The use of microarray technology in identifying target genes was also discussed. According to Burkhard Morgenstern of Rhone Poulenc Rorer, "Since comparison of gene expression between normal and diseased tissues may lead to the discovery of novel drug targets, this technology has a significant impact on the drug-discovery process in pharmaceutical companies."
Another application area is toxicological studies, where expression of certain genes may indicate toxicity of chemical compounds. Rhone Poulenc currently uses two microarray systems, from Affymetrix and Amersham. Affymetrix provides customers with ready-made chips, while Amersham microarrays can be built in-house. Resources for constructing microarrays are derived from Rhone Poulenc's proprietary expressed sequence tag database and Incyte's LifeSeq database, as well as from public-domain databases.

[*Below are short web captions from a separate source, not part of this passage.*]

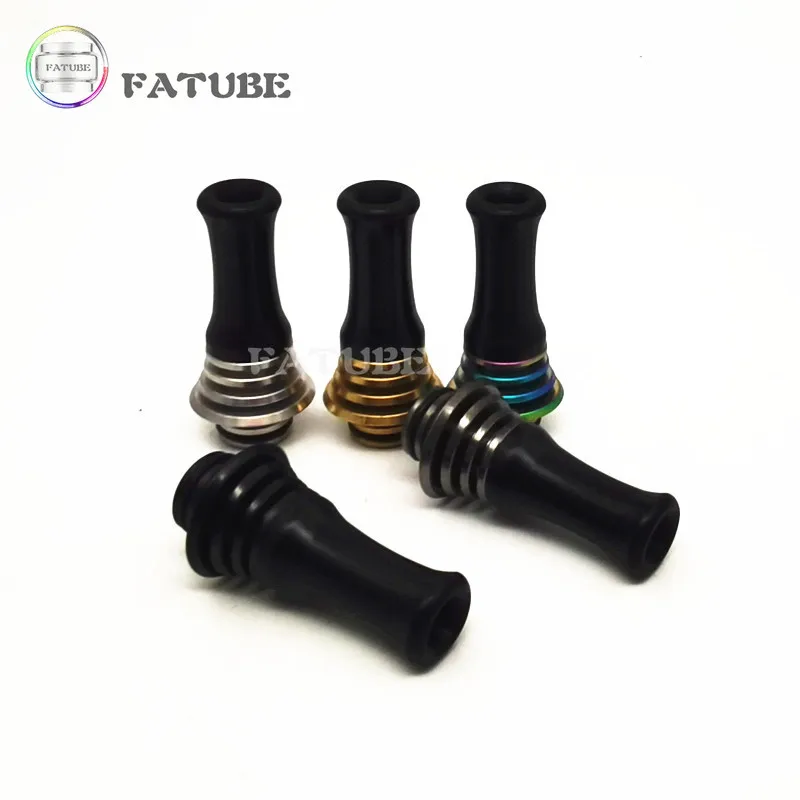 Мундштук для капель FATUBE длинный мундштук с трубочным соединением MTL POM SS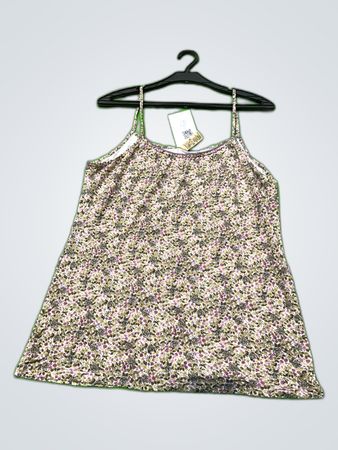 Bershka Printed Camisole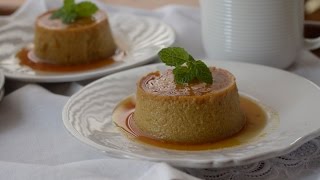 Cómo hacer flan casero de cafe bombon [upl. by Hinkel955]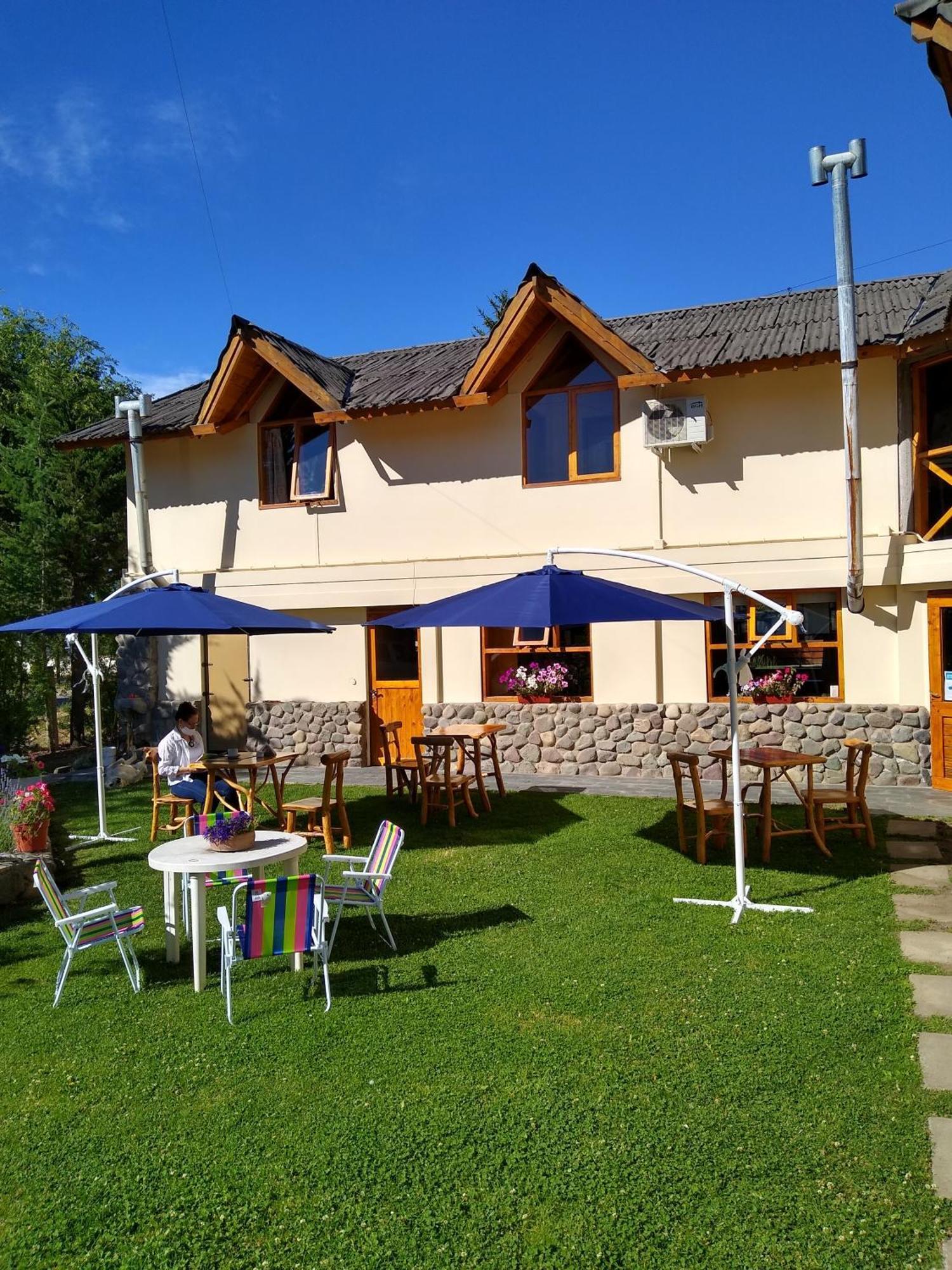 Hotel Y Cabanas Casa De Piedra Тревелин Экстерьер фото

Janet Thornton of University College here provided an outline of how the next 10 years will see a simplification of protein sequence and structure classifications. "Extra data will clarify relationships and allow us to explore in more depth than ever the evolution of sequence and structure," she said. These data are of central importance in several aspects of the drug-discovery process, the major aim being to use sequence and structural relationships to identify homologues with the hope of assigning biological function. Knowledge of the 3-D structure must also be used to see if two related proteins perform the same biochemical function.
"Tools to facilitate this analysis have been developed," Thornton said, adding, "The end-point is the identification of potential targets for drug design. Research to define the criteria for prioritizing such targets is important."